Exercise requirements
The required output is the lines below from the line containing "Girl's Peter Pan" to the line containing "Hristivoje Damjanović vizit kartica", inclusive, retyped exactly. No other lines belong in it.

Source material
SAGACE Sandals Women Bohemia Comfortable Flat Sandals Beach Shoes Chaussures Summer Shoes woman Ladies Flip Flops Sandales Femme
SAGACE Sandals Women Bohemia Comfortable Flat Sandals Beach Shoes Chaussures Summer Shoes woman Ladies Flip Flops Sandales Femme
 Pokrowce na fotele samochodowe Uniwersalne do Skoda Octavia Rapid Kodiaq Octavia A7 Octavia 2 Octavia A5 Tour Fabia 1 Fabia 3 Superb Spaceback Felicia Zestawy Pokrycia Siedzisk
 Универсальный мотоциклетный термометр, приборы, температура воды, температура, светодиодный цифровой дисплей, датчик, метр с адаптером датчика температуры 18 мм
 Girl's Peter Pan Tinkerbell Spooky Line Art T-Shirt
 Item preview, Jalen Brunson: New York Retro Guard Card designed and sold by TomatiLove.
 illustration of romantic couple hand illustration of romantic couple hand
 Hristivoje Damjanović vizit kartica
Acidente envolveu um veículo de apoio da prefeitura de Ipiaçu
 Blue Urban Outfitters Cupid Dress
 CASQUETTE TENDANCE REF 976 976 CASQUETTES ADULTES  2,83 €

Task response
 Girl's Peter Pan Tinkerbell Spooky Line Art T-Shirt
 Item preview, Jalen Brunson: New York Retro Guard Card designed and sold by TomatiLove.
 illustration of romantic couple hand illustration of romantic couple hand
 Hristivoje Damjanović vizit kartica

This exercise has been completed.